## Required work
In the entries below, begin at the line with "Jeu de société" and stop after the line with "Toddler girls faux fur bomber jacket by GB"; output those lines exactly and omit the pictures.

## Dataset extract
────

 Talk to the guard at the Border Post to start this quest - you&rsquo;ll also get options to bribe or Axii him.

────

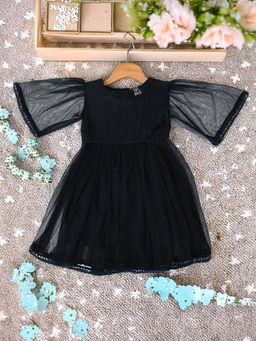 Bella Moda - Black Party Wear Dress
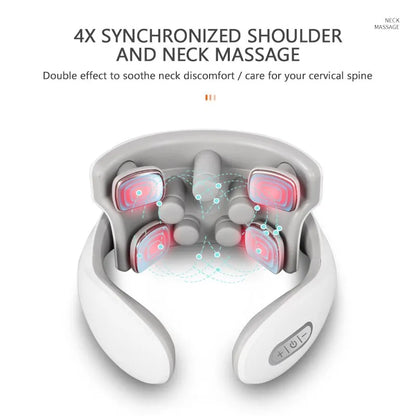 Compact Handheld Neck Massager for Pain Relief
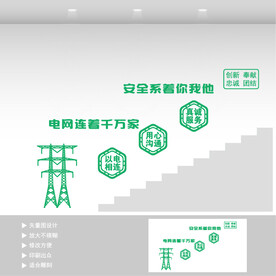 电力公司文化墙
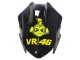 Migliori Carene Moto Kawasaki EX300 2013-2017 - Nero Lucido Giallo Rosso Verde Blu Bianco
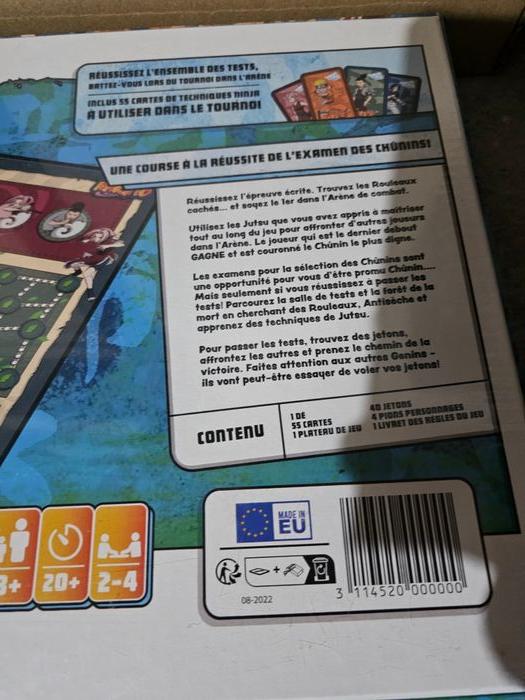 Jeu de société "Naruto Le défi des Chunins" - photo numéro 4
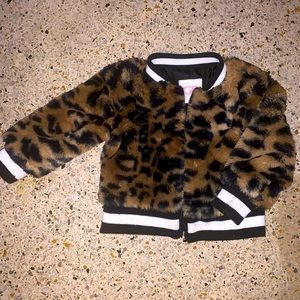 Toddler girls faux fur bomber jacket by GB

────

## Response to the exercise
 Jeu de société "Naruto Le défi des Chunins" - photo numéro 4
 Toddler girls faux fur bomber jacket by GB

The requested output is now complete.